Please return every line of the material verbatim and skip any images.

§ **DATA BLOCK**
----------------------------------------
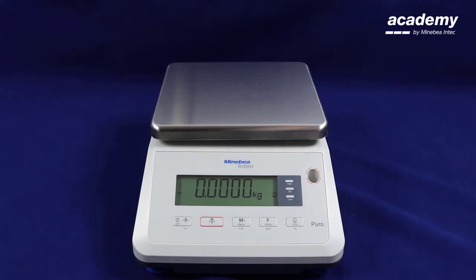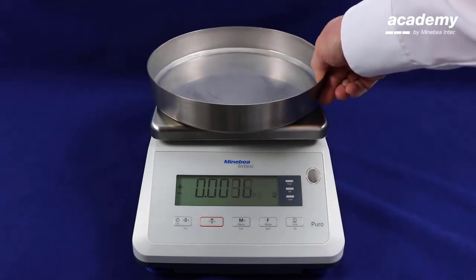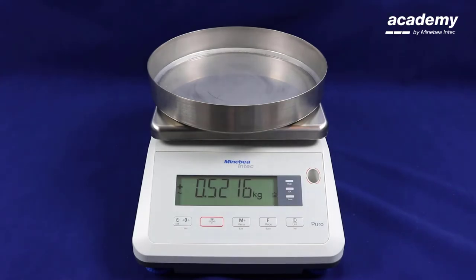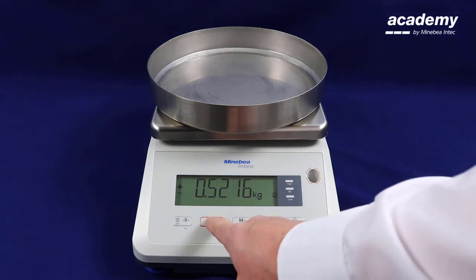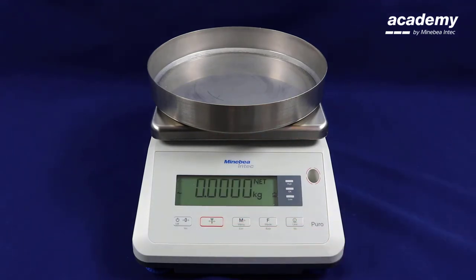This can also be used with the tear function. Put your container on the scale. Press the function key to unlock the scale, and now you can use the tear key. Now you can put your samples into the container.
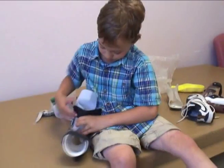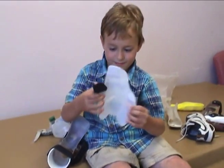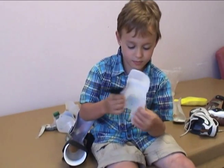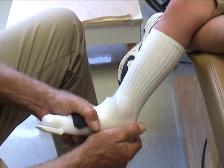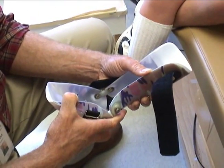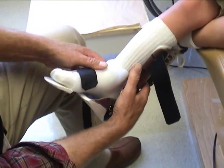We wanted to optimize the daily wearing experience for Austin, and our feeling is that the polyethylene liner represents the least bulky option, which still allows us to give precise and flexible control of the foot within the more rigid and structured framework required for the tamarack hinges of this design.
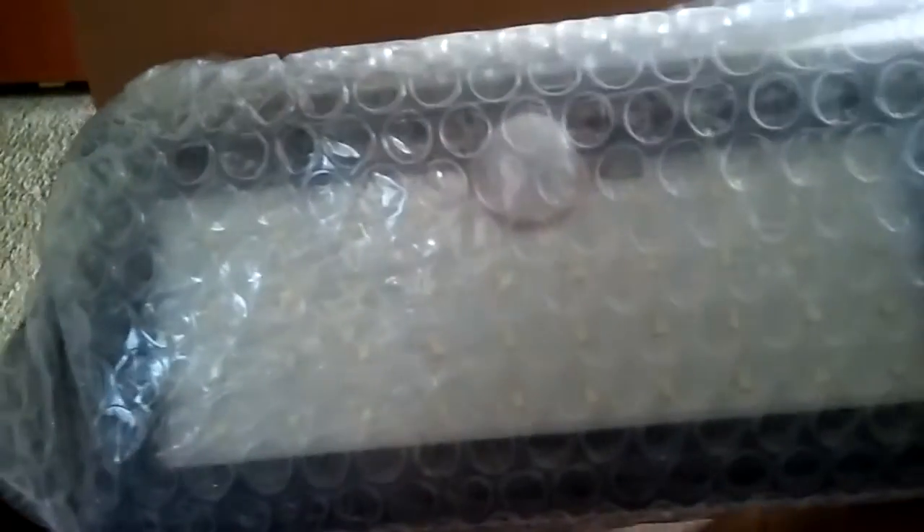What I'm reviewing today is this solar-powered motion light. It has little screws, and here's the light. It's pretty large — that's what it looks like.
----------------------------------------
§ **YOUR RESPONSE**
This can also be used with the tear function. Put your container on the scale. Press the function key to unlock the scale, and now you can use the tear key. Now you can put your samples into the container.
We wanted to optimize the daily wearing experience for Austin, and our feeling is that the polyethylene liner represents the least bulky option, which still allows us to give precise and flexible control of the foot within the more rigid and structured framework required for the tamarack hinges of this design.
What I'm reviewing today is this solar-powered motion light. It has little screws, and here's the light. It's pretty large — that's what it looks like.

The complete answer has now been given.